> Exercise objective
The data must be copied over exactly and in full.

═════ Extracted data ═════

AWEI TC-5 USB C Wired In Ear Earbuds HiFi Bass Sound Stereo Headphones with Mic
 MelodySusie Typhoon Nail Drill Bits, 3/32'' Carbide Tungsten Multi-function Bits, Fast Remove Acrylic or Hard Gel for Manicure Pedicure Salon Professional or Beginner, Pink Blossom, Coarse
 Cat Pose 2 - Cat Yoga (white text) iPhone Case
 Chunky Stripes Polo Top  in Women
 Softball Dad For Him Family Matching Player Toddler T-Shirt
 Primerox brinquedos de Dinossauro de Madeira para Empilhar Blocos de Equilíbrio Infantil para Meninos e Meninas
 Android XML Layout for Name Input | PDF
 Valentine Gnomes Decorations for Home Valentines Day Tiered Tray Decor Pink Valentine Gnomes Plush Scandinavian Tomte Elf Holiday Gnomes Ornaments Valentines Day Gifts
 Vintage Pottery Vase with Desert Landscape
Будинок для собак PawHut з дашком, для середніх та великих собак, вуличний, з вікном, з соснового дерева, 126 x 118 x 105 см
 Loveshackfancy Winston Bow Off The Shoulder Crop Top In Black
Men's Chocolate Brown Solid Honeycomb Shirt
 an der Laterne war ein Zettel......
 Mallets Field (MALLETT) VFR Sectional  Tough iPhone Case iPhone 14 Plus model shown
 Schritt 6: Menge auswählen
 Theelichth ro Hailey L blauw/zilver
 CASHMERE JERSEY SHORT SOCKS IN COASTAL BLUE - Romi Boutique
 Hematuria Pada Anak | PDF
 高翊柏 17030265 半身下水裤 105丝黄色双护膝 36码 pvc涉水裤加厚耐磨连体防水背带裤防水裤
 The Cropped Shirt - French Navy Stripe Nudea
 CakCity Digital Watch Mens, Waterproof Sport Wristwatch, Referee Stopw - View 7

═════

> Answer section
AWEI TC-5 USB C Wired In Ear Earbuds HiFi Bass Sound Stereo Headphones with Mic
 MelodySusie Typhoon Nail Drill Bits, 3/32'' Carbide Tungsten Multi-function Bits, Fast Remove Acrylic or Hard Gel for Manicure Pedicure Salon Professional or Beginner, Pink Blossom, Coarse
 Cat Pose 2 - Cat Yoga (white text) iPhone Case
 Chunky Stripes Polo Top  in Women
 Softball Dad For Him Family Matching Player Toddler T-Shirt
 Primerox brinquedos de Dinossauro de Madeira para Empilhar Blocos de Equilíbrio Infantil para Meninos e Meninas
 Android XML Layout for Name Input | PDF
 Valentine Gnomes Decorations for Home Valentines Day Tiered Tray Decor Pink Valentine Gnomes Plush Scandinavian Tomte Elf Holiday Gnomes Ornaments Valentines Day Gifts
 Vintage Pottery Vase with Desert Landscape
Будинок для собак PawHut з дашком, для середніх та великих собак, вуличний, з вікном, з соснового дерева, 126 x 118 x 105 см
 Loveshackfancy Winston Bow Off The Shoulder Crop Top In Black
Men's Chocolate Brown Solid Honeycomb Shirt
 an der Laterne war ein Zettel......
 Mallets Field (MALLETT) VFR Sectional  Tough iPhone Case iPhone 14 Plus model shown
 Schritt 6: Menge auswählen
 Theelichth ro Hailey L blauw/zilver
 CASHMERE JERSEY SHORT SOCKS IN COASTAL BLUE - Romi Boutique
 Hematuria Pada Anak | PDF
 高翊柏 17030265 半身下水裤 105丝黄色双护膝 36码 pvc涉水裤加厚耐磨连体防水背带裤防水裤
 The Cropped Shirt - French Navy Stripe Nudea
 CakCity Digital Watch Mens, Waterproof Sport Wristwatch, Referee Stopw - View 7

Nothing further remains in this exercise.